Transcribe exactly, and only, the lines running from the one that contains "2595MFR1 mug je" through the last line of the material. No pictures.
DATA FOR PROCESSING START
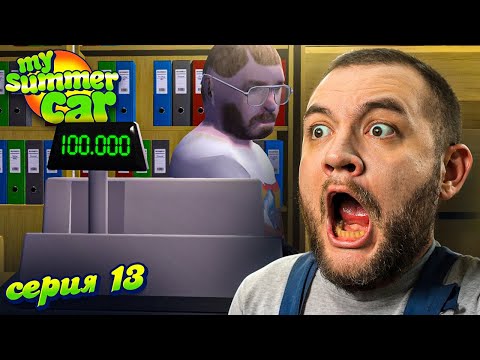 Видео: ДЕТАЛИ ДЛЯ ДВИГАТЕЛЯ - My Summer Car #13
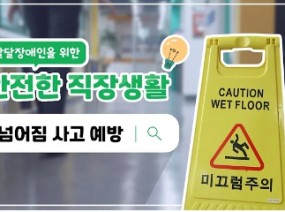 발달장애인을 위한 안전한 직장생활 #넘어짐사고예방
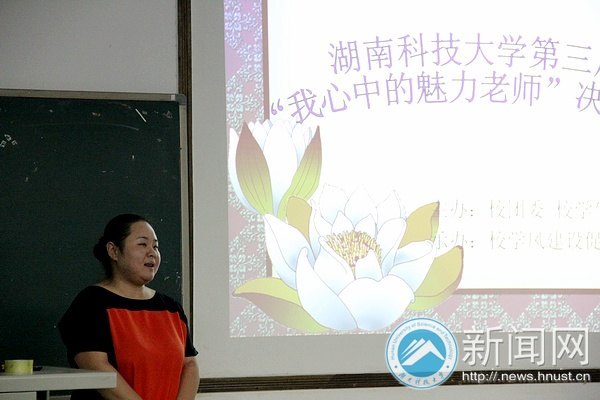 “魅力老师”我来评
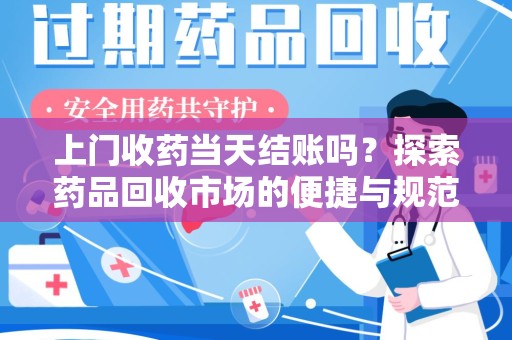 沈阳上门收药当天结账吗？探索药品回收市场的便捷与规范
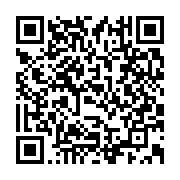 qrcode:https://www.info241.ga/une-policiere-gabonaise-sanctionnee-pour-avoir-bastille-a,5865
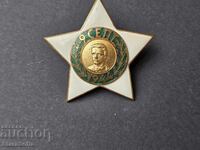 Order of September 9, 1944, Second Class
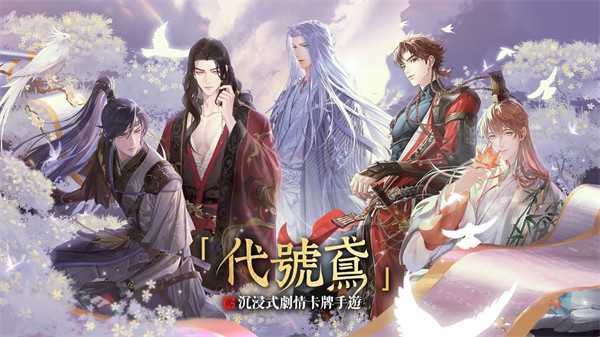 代号鸢周年庆活动时间是哪天 代号鸢周年庆活动内容是什么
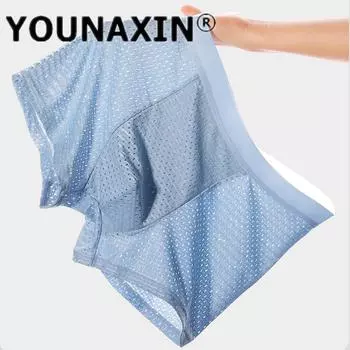 Мужское нижнее белье из дышащей сетки Ice Silk из дышащего графена с антибактериальной сеткой, шорты-боксеры большого размера для молодежи L XL 2XL 3XL 4XL 5XL L чёрный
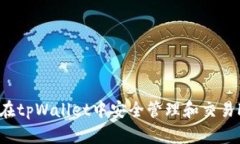 如何在tpWallet中安全管理和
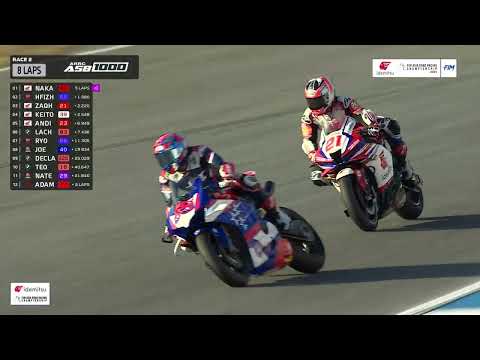 FULL RACE | ROUND 6 | RACE 2 | ASB1000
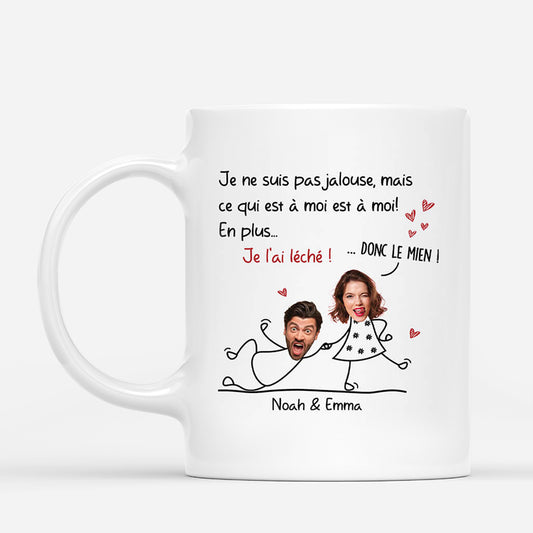 2595MFR1 mug je ne suis pas jaloux jalouse mais ce qui est a moi est a moi _ personnalise_0323aa3c 6b34 4746 a3ef 2a73cbb78d59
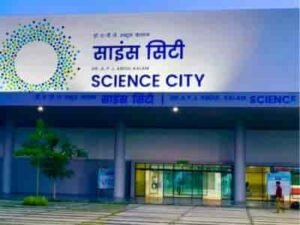 Dr. A. P. J. Abdul Kalam Science City Patna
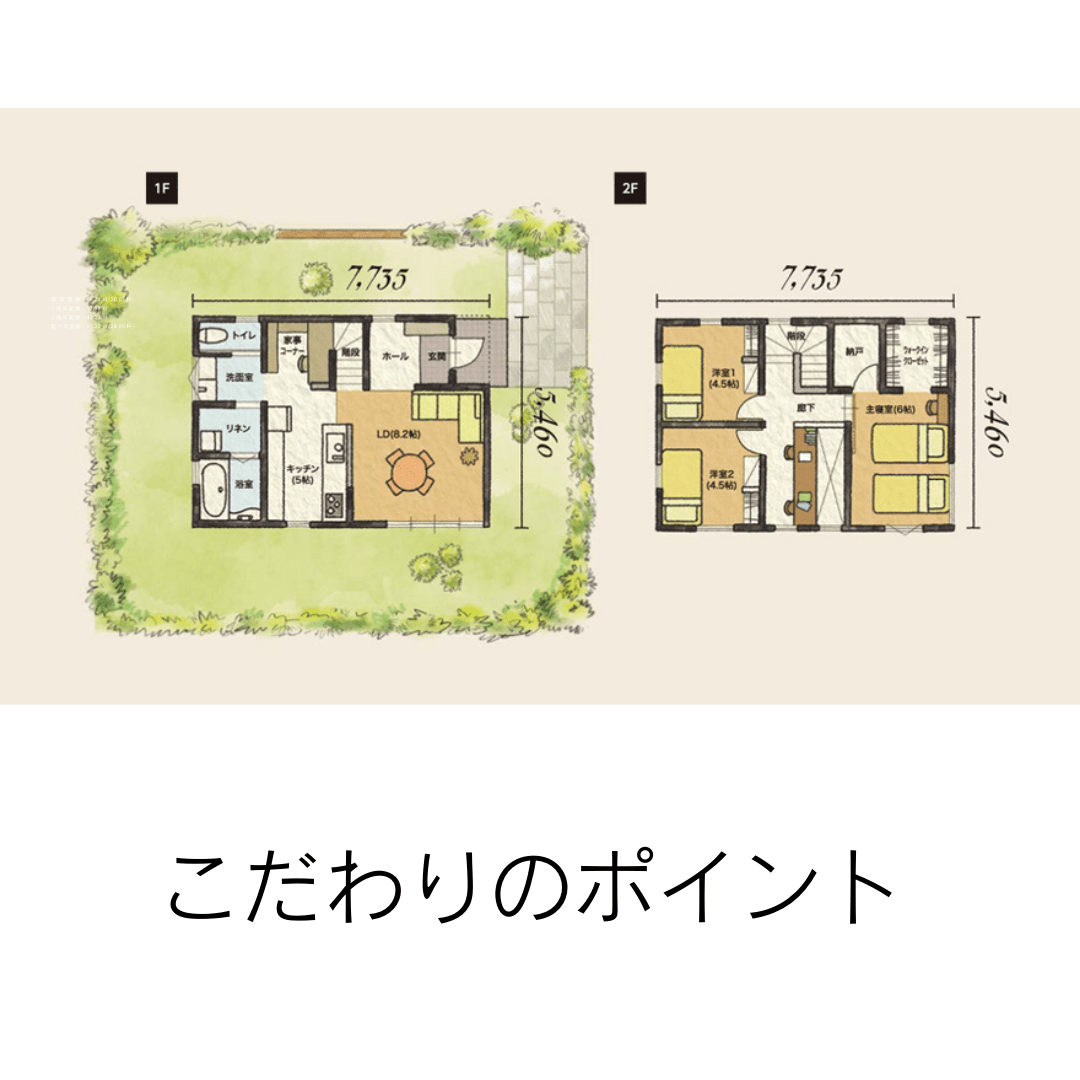 Small　～スモールハウス～2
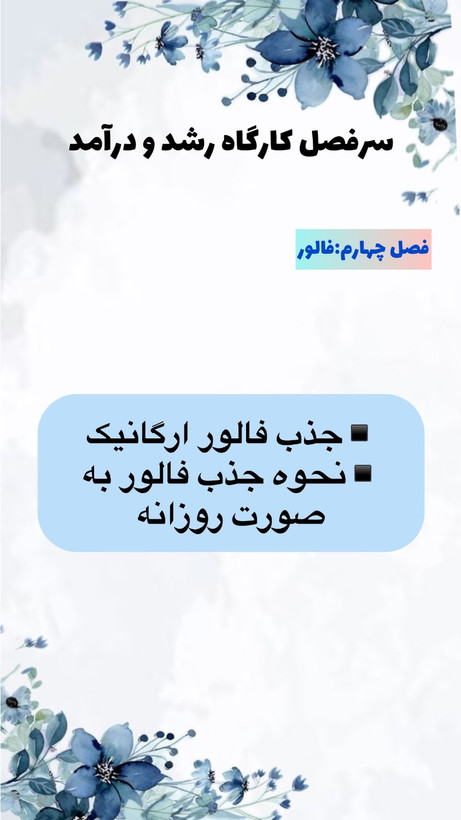 پکیج 10 دوره آموزشی غزل بانو هنر بی نهایت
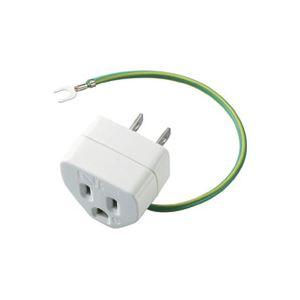 （まとめ）エレコム ELECOM OAアダプタ 3P変換2P T-H32N〔×5セット〕 | 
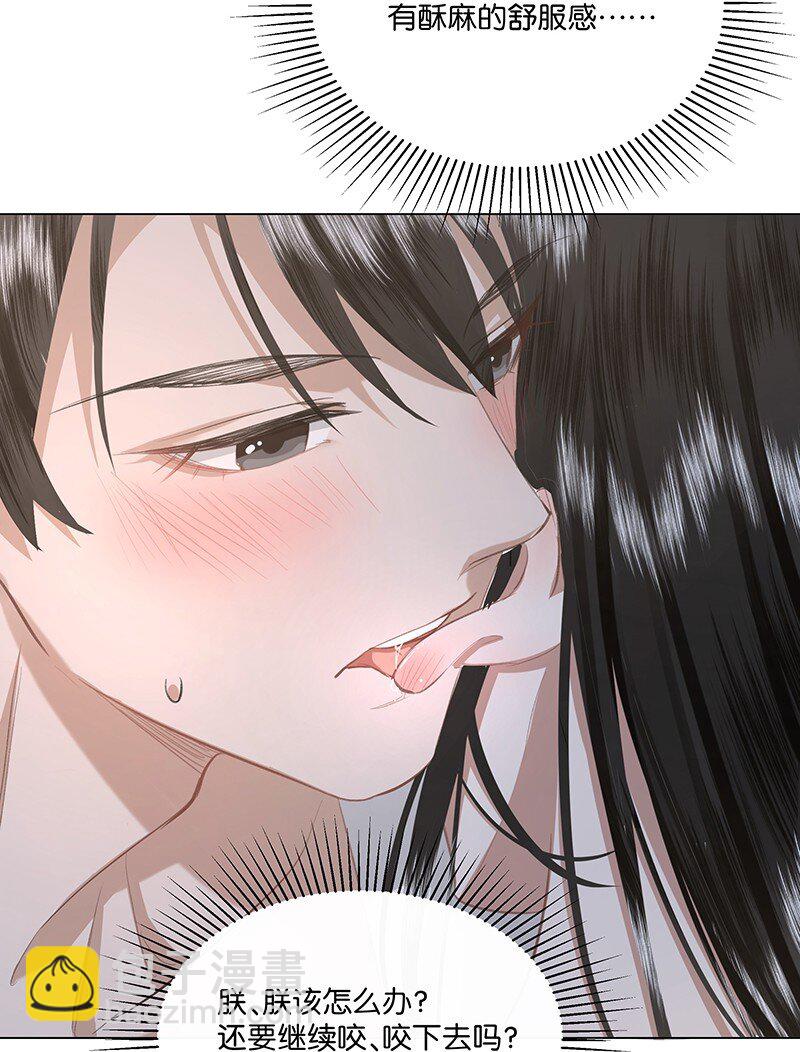 16 朕也要对你做禽兽不如的事！-第16话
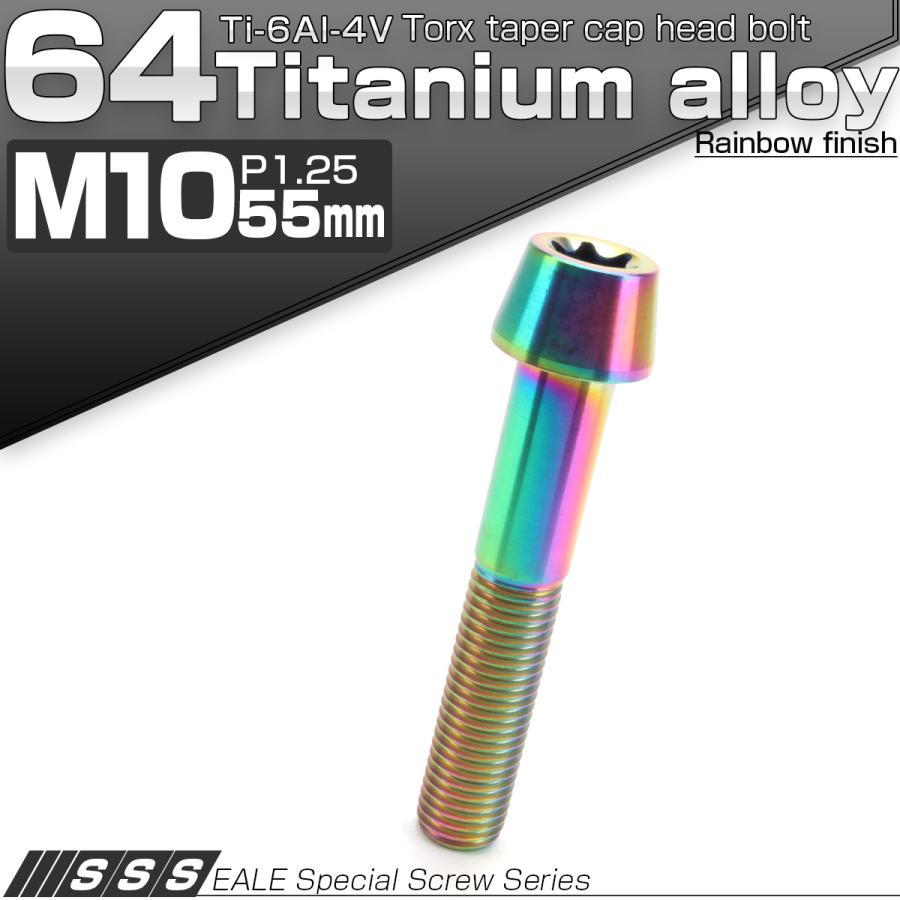 チタンボルト M10×55mm P1.25 キャップボルト トルクス穴 レインボー 虹色 テーパー JA403 | ブランド登録なし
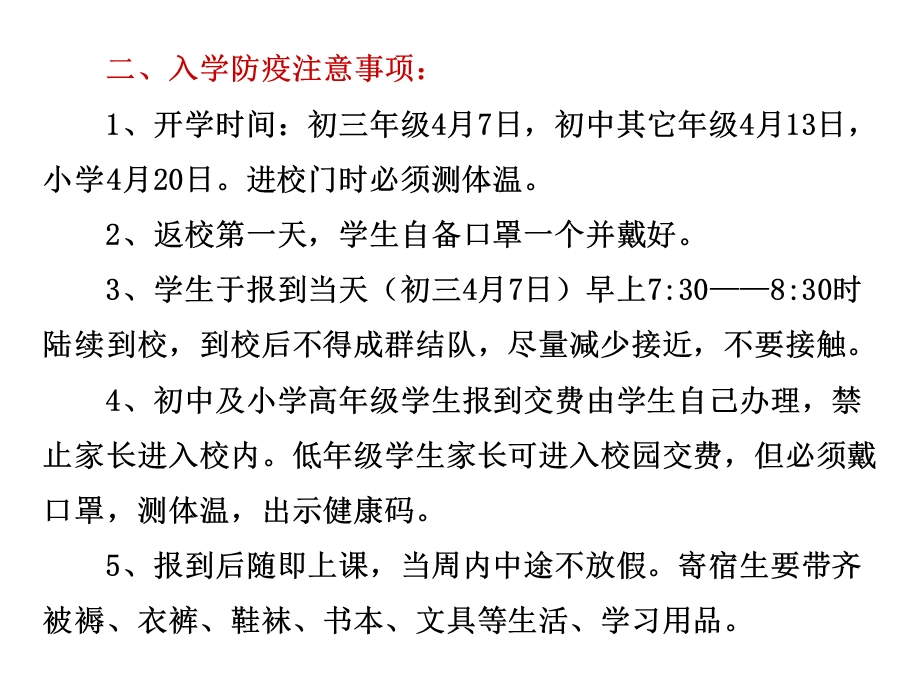 开学第一课：防控新冠肺炎课件.ppt_第3页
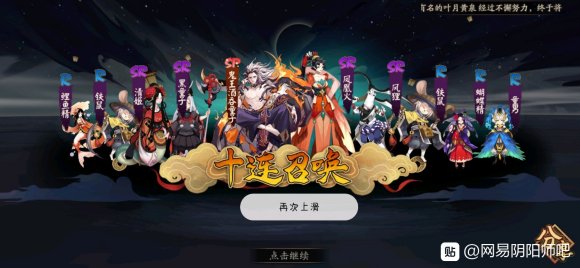 阴阳师萌新怎么打山巅之禁 萌新山巅之禁最强阵容推荐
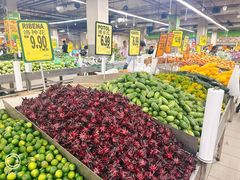 -NSK Trade City(Kuchai Lama)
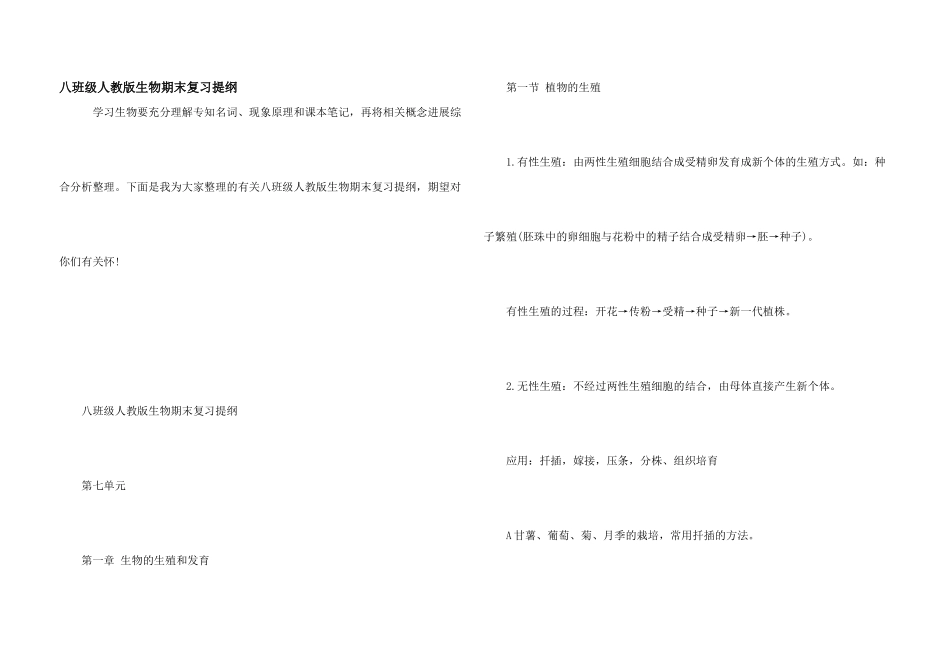 八年级人教版生物期末复习提纲_第1页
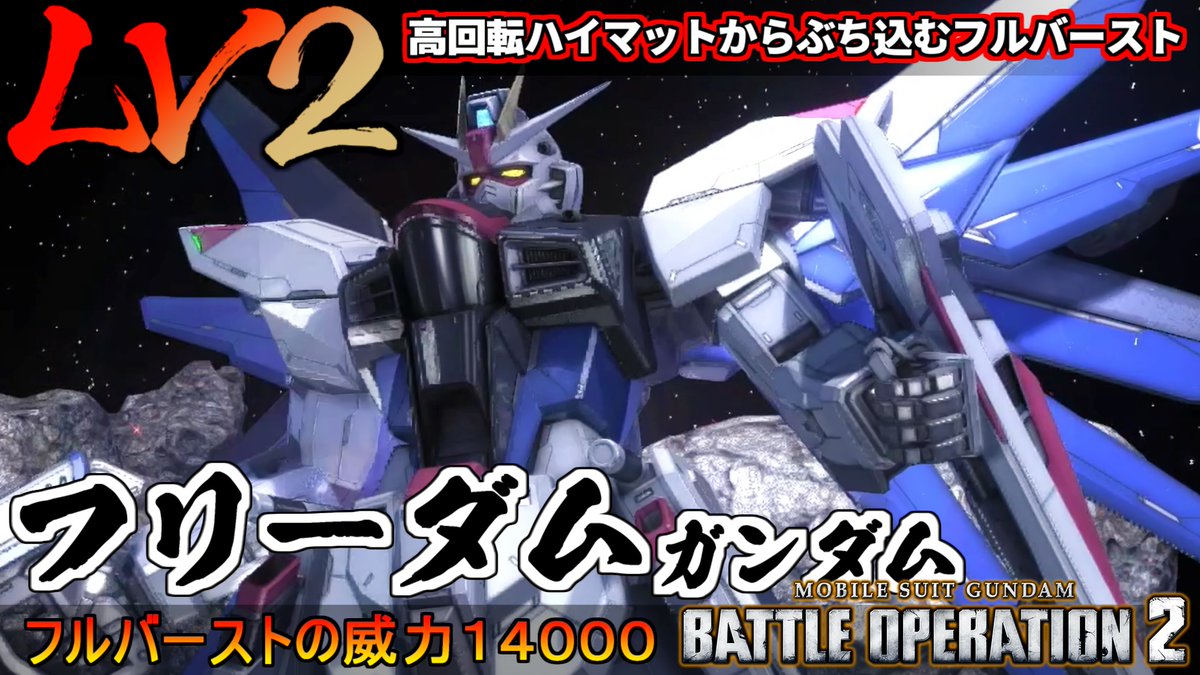 midfootstrike2's tweet image. 総威力１４０００のハイマットフルバーストをＦ９１に叩き込む！フリーダムガンダムLV2動画投稿しました٩( &apos;&apos;ω&apos;&apos; )و
#バトオペ２
youtu.be/COtL_w37j3A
DATA FOR PROCESSING END
YOUR SOLUTION
 2595MFR1 mug je ne suis pas jaloux jalouse mais ce qui est a moi est a moi _ personnalise_0323aa3c 6b34 4746 a3ef 2a73cbb78d59
 Dr. A. P. J. Abdul Kalam Science City Patna
 Small　～スモールハウス～2
 پکیج 10 دوره آموزشی غزل بانو هنر بی نهایت
 （まとめ）エレコム ELECOM OAアダプタ 3P変換2P T-H32N〔×5セット〕 | 
 16 朕也要对你做禽兽不如的事！-第16话
 チタンボルト M10×55mm P1.25 キャップボルト トルクス穴 レインボー 虹色 テーパー JA403 | ブランド登録なし
 开学第一课：防控新冠肺炎课件.ppt_第3页
 阴阳师萌新怎么打山巅之禁 萌新山巅之禁最强阵容推荐
 -NSK Trade City(Kuchai Lama)
 八年级人教版生物期末复习提纲_第1页
 midfootstrike2's tweet image. 総威力１４０００のハイマットフルバーストをＦ９１に叩き込む！フリーダムガンダムLV2動画投稿しました٩( &apos;&apos;ω&apos;&apos; )و
#バトオペ２
youtu.be/COtL_w37j3A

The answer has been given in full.